Hoje voltamos à grafia das palavras. No primeiro caso, uma cantora, ao referir-se à reunião de músicas de estilos variados que compõem o seu último disco, usou a palavra "sarapatel" (que deveria ser grafado como "pastel", não como "chapéu").
O termo vem da culinária e nomeia o conhecido guisado de sangue, tripas e miúdos de porco ou de carneiro, também usado para rechear a buchada de bode, prato típico do Nordeste brasileiro. No sentido figurado, "sarapatel" emprega-se informalmente como mistura de coisas desordenadas ou mesmo como confusão, algazarra, bagunça. "Sarapatel", com "l" final.
No segundo caso, aparece o termo "somatória", no feminino. Ocorre, porém, que a palavra é masculina (na matemática, é usada para indicar a soma dos resultados de várias somas). No texto acima, está empregada em sentido amplo (conjunto constituído), mas deve continuar no masculino, "o somatório".
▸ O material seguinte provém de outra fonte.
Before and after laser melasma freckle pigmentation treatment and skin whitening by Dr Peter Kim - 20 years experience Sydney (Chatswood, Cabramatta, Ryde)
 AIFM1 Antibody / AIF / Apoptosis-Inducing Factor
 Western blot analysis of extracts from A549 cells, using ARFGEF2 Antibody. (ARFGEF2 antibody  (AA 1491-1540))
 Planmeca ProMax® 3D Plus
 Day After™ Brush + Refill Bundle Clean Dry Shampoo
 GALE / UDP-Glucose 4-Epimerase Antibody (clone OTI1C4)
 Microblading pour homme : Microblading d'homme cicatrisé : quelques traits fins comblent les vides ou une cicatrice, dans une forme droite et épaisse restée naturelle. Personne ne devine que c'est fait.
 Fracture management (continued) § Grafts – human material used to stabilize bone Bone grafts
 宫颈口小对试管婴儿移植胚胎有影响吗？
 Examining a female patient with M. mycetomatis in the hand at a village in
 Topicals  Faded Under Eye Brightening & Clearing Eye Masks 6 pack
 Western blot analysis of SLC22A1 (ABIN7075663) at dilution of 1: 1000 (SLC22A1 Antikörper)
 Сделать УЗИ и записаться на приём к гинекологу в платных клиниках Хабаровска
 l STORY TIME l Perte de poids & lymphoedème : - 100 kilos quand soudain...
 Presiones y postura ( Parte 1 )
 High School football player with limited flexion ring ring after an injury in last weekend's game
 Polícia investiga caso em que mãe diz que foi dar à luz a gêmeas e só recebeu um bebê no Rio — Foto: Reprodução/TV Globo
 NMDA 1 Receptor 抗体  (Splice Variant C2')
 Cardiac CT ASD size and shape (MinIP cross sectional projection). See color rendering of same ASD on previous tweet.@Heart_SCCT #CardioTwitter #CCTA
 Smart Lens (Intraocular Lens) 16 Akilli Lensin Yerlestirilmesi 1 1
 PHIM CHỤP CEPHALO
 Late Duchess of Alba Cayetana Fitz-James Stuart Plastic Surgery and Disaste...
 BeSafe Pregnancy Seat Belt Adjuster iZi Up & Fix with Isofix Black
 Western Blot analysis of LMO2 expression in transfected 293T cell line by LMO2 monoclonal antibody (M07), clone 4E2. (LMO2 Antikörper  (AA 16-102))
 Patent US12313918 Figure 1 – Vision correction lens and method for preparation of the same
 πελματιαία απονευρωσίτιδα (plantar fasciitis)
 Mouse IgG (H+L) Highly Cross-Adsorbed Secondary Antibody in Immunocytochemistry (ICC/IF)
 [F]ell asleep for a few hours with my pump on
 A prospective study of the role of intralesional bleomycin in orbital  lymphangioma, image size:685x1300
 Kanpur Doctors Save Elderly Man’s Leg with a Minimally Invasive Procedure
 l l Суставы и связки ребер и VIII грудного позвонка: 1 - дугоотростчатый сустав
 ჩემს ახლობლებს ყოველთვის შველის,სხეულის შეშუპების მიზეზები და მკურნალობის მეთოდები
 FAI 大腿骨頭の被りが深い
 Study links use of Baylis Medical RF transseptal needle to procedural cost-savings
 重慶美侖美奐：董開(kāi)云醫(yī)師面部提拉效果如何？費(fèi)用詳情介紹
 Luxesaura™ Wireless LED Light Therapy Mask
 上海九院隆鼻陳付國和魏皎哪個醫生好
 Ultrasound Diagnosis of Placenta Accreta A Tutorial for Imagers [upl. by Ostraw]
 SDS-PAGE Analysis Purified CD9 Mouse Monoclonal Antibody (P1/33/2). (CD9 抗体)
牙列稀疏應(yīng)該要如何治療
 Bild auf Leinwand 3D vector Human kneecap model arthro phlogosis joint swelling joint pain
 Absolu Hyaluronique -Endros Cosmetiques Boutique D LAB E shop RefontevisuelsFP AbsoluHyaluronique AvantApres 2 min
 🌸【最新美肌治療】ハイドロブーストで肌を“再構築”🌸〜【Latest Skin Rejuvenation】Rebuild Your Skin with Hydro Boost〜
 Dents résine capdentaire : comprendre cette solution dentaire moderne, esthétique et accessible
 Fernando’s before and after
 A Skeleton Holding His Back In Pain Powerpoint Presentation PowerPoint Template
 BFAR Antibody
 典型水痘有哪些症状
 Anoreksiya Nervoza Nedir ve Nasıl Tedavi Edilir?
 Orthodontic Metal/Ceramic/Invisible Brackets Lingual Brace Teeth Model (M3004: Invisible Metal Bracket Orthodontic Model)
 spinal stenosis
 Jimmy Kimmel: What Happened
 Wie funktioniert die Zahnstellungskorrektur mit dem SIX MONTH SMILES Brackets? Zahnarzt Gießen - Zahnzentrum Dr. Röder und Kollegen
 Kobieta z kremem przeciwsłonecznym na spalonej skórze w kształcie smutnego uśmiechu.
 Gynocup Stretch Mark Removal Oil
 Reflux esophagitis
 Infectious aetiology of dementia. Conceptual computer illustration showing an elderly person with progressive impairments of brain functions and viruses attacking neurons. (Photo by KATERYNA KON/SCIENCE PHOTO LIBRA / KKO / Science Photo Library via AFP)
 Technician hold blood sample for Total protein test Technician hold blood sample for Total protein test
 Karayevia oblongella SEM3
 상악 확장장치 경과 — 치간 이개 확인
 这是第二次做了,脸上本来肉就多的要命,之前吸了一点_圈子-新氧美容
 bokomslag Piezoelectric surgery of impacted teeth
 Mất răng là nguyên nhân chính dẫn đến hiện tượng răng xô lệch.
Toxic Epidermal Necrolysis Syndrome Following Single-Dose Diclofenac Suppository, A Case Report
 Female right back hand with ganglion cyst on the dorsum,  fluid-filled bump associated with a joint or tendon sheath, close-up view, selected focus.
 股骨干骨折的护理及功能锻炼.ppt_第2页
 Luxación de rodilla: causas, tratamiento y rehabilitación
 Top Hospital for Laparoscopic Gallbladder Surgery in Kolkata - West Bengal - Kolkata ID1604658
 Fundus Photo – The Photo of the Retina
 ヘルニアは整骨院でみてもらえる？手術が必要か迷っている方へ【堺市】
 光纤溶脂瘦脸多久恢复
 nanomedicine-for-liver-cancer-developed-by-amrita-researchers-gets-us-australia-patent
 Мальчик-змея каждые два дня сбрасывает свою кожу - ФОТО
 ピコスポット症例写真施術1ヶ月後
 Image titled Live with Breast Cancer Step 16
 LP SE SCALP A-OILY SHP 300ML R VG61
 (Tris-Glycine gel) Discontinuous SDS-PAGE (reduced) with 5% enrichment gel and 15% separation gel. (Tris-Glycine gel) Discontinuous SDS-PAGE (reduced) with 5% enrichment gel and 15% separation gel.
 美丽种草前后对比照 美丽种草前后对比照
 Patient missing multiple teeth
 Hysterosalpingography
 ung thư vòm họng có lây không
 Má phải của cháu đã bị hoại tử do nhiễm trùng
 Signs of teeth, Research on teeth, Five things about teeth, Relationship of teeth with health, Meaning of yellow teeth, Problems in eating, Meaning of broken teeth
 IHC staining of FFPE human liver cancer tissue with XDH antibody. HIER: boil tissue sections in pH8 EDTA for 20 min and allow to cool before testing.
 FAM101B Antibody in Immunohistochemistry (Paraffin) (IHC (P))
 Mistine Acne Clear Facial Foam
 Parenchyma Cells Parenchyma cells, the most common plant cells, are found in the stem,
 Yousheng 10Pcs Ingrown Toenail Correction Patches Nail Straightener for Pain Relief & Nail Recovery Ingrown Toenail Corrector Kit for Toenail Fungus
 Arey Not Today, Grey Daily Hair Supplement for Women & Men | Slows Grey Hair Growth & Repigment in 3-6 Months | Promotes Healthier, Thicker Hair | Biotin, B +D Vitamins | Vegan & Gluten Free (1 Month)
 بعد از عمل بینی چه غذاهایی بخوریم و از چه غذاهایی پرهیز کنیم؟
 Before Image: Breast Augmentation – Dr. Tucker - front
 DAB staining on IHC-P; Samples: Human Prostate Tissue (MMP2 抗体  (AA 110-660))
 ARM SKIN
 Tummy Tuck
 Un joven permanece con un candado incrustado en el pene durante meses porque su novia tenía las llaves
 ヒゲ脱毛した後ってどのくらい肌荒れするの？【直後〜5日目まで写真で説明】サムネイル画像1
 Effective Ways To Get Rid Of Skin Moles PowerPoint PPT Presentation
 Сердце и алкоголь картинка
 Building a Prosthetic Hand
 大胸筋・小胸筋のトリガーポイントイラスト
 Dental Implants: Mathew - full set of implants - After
Abaixo, os textos corrigidos:
"Tem música melancólica (que fiz quando minha avó morreu), escrachada, romântica, outras que falam de infância, de doença, de morte. É um sarapatel."
Segundo a Cetesb (agência ambiental de São Paulo), o resultado é um somatório das condições meteorológicas, já que a chuva leva poluentes ao mar, e da falta de saneamento.